Step One
- zoekaylor97
- Jun 25, 2023
- 4 min read
Now, back to novice writing.
For me, plot was actually one of the most difficult concepts to get a handle on. I could not for the life of me think of any active conflict, any problem to solve, any random events – there were a good few years where I was making up all these characters, and there weren’t any plots to go with them.
As with everything, all you can do at this stage is push through it. Make stuff happen. Throw spaghetti at the wall and see what sticks. You’ll lose interest in some plots, and that’s fine. Those are the ones that don’t work for you. But there are some that you’ll like, that will make sense to you, and you’ll slowly fill those out, and eventually, you’ll start thinking of things that you could have put earlier in the story to help support the plot you’re building. That’s good! That’s what you want.
For this, I’ll open up old, discarded drafts of original work I’ve abandoned.
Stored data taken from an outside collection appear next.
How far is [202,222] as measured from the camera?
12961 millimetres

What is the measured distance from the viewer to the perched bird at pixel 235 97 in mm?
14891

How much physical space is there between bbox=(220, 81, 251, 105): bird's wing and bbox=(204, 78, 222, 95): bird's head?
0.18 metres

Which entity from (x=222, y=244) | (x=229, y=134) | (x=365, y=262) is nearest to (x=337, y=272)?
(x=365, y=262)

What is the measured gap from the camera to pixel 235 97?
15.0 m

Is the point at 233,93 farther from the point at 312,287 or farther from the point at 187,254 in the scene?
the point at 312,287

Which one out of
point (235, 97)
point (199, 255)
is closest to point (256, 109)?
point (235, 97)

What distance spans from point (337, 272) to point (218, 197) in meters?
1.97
I think the first serious book I tried to write was Zachariah’s. (Before my stories have fully formed plots, they’re always just the story of the main character.) Zachariah was a magicless man who loved magic, and he wanted magic to rule the world. So he formed a cult, because he was a very charismatic man, and convinced them to want that as much as he did, and they started sacrificing people to Satan to make that happen. As you do. Eventually, his right-hand man betrayed him, and he was caught. End of story.
Now, there are some parts of this plot that have potential, and some parts that don’t. And what doesn’t have potential for me might have potential for you! That’s what’s important about this stage. It’s a framework. It’s scaffolding. You take that summary and you build on it. Whatever you read into that – that’s the story you really want to tell.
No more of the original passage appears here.